Only one as my main fursona but I also started to create a couple more chars for my own little universe this year.


----------



## Jevlin (May 19, 2019)

OCs I have a lot because of my projects and stories but fursonas/alteregos I've never had that much.

Before 8: I didn't know what a fursona was back then but my first one was a mary-sue pegacorn with blue stripes and rainbow-colored mane.
8: Gary-stu, again, as a child I violently wanted all my characters to be the best ever. It was a black wolf who had all the magical powers I could imagine.
11: Spirit, my first real fursona (when I actually knew the meaning of the word) finally wasn't a perfect character, it was a white wolf with a purple halo. She's got wings later and some dark grey patterns but basicly stayed the same and was my fursona for a very long time.
13: It was the time when making a demon side of your characters was a huge and higly popular thing.

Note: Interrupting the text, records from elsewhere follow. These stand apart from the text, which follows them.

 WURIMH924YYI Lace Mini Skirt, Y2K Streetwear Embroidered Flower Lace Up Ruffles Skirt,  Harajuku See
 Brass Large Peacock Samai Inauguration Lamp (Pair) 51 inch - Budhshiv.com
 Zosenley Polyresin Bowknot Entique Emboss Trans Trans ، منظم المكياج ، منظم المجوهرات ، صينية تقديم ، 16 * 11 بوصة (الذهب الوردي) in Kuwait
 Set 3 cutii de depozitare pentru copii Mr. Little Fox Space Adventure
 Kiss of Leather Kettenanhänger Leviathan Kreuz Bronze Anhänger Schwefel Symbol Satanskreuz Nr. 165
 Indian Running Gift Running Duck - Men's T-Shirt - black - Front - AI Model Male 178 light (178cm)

Of course, I made one for Spirit, so I had a second fursona, too. It only lasted for a year and a half I think and It was very edgy... Also, this was the time when I created my new OC who eventually became my next fursona.
16: I think I was 16 when it happened but I remember it was a very slow transition between Spirit and my current fursona, Wander. I just started drawing more Wander and less Spirit. Wander's also my first non-feral character, he's a semi-feral mouse.


----------



## Kit H. Ruppell (May 19, 2019)

I have only had the one main since I started, unless you count the feral Red Fox I had in elementary school.


----------



## Infrarednexus (May 19, 2019)

I have my main sona, Nexus, and one other character I have recently created that I am still working on.


----------



## Sirocco~ (May 19, 2019)

Infrarednexus said:


> I have my main sona, Nexus, and one other character I have recently created that I am still working on.

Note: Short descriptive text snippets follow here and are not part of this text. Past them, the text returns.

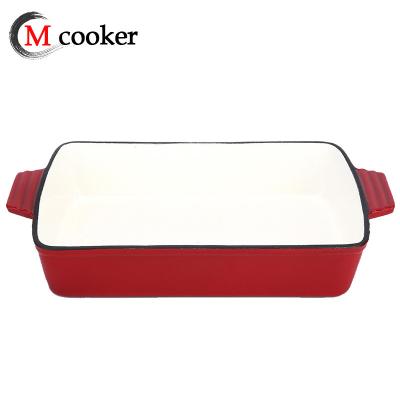 China Durable Cast Iron Oval Enamel Tray Fish Shape Dish Cooking Pan for sale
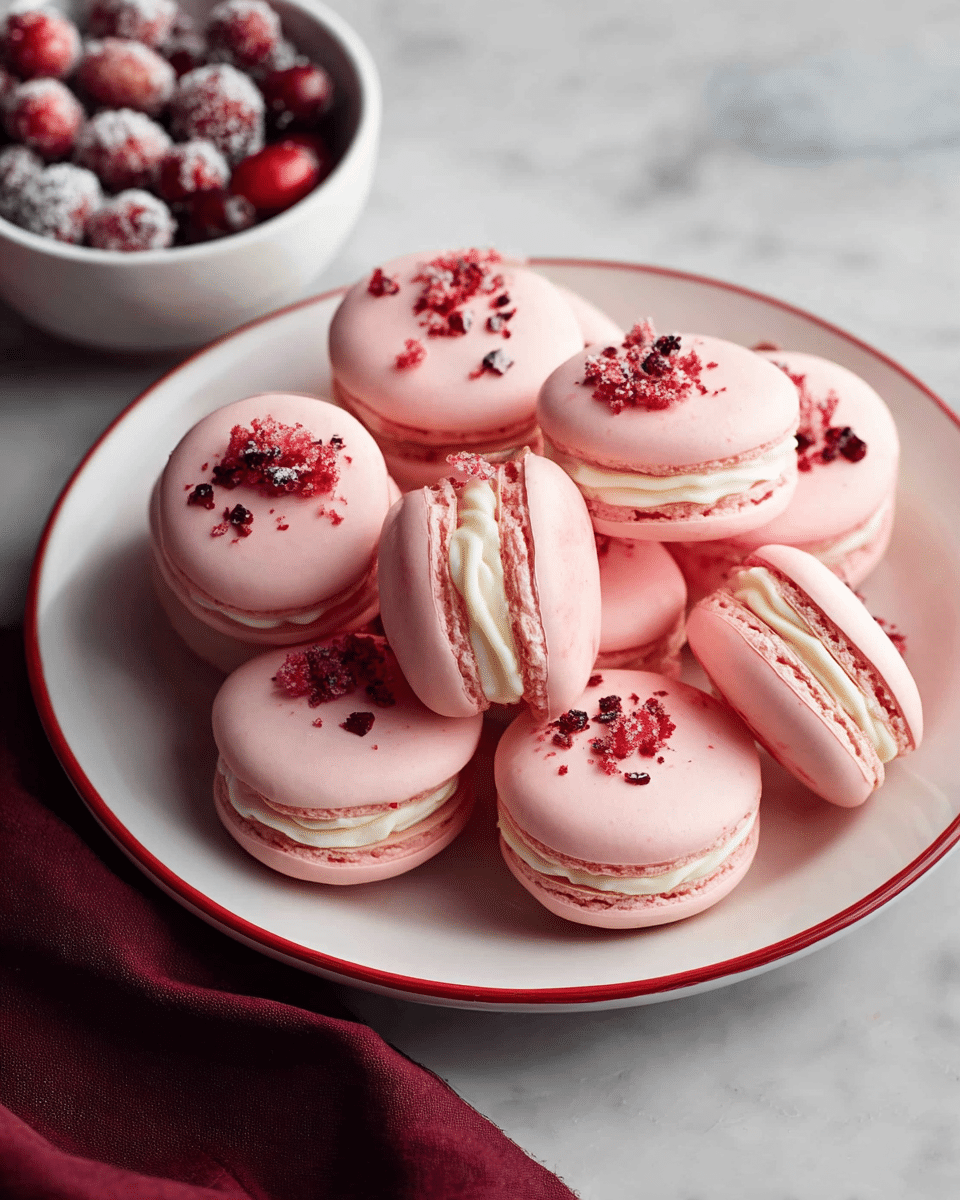 A white plate with a red rim holds a pile of pink macarons, each with two smooth, round pink shells sandwiching a thick layer of creamy white filling in the middle. Some macarons have small pieces of red and dark pink crumbs sprinkled on top, adding texture. The plate is placed on a white marbled surface, next to a white bowl filled with sugared cranberries and a dark red cloth draped beside it. photo taken with an iphone --ar 4:5 --v 7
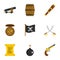 Pirates armor icon set, flat style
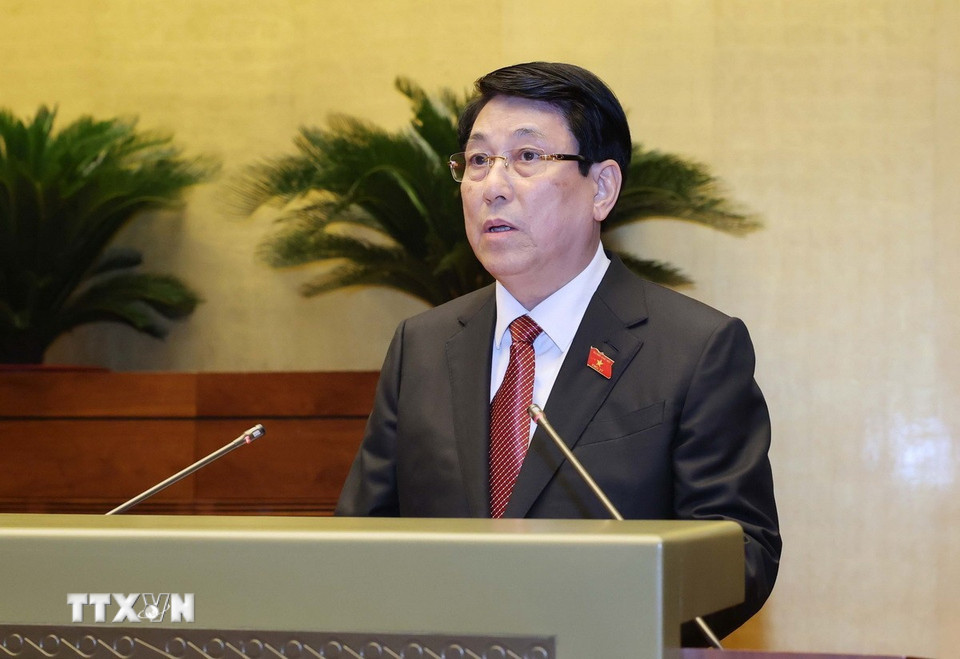 Chủ tịch nước Cộng hòa xã hội chủ nghĩa Việt Nam Nam Lương Cường phát biểu nhậm chức. (Ảnh: TTXVN)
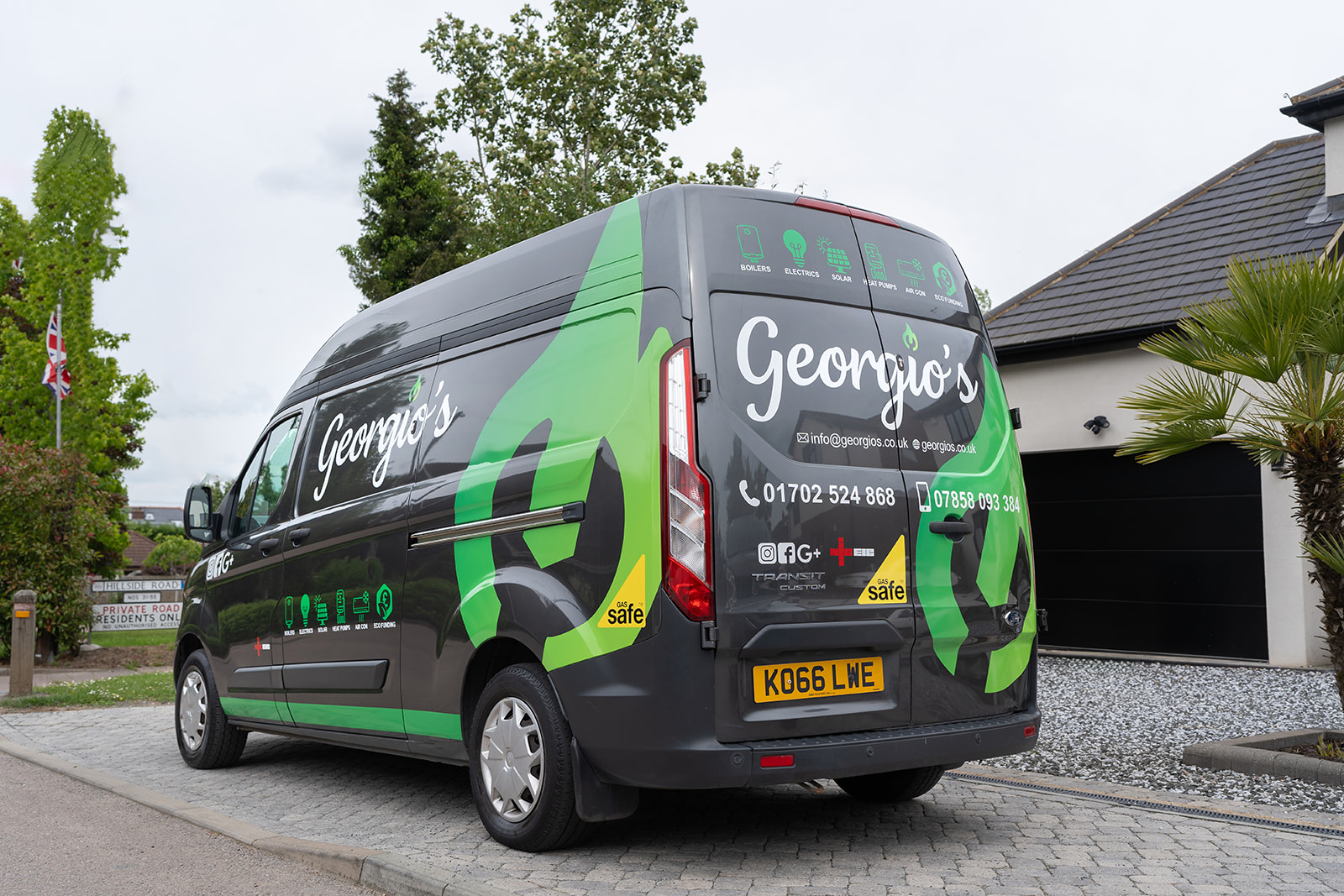 Georgio's branded van ready for an installation across South Essex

A new character? Very interesting!


----------



## Tyll'a (May 19, 2019)

Just Tyll'a.  I've had a bunch of OCs but Tyll'a is my only sona.


----------



## The Matte-Black Cat (May 20, 2019)

Three,

First I was a red Puma, then I was a black tiger with white stripes for almost ten years, then I recently became what I am today - I think almost a year ago I turned into my current fursona..


----------



## Skychickens (May 21, 2019)

Actual main fursonas? Two. A feral fluffy brown and white winged cat named Fluffy and my current winged ferret LV. 

I’ve had two ponysonas though. Tried to make a third but it never stuck.


----------



## Doar Sign (May 23, 2019)

I have only had one: Dwayne "The Rock" Johnson. See my thread for more details.


----------



## Bluefiremark II (May 23, 2019)

Two, but a lot, and i mean a LOT of characters beside my sona..


----------



## roachparade (May 27, 2019)

My sona has definitely evolved with me as I as a person have grown, which makes sense when I made my first when I was 10 haha. I've only really had four sonas, though they've been tweaked lots until they were changed.

At 10-13 I had Kara, a grey wolf with a red scarf, pretty much nothing interesting in terms of design and had absolutely no characterbuilding. Eventually she developed into a blue and grey cat, minus the scarf but plus a collar with a button on it for some reason.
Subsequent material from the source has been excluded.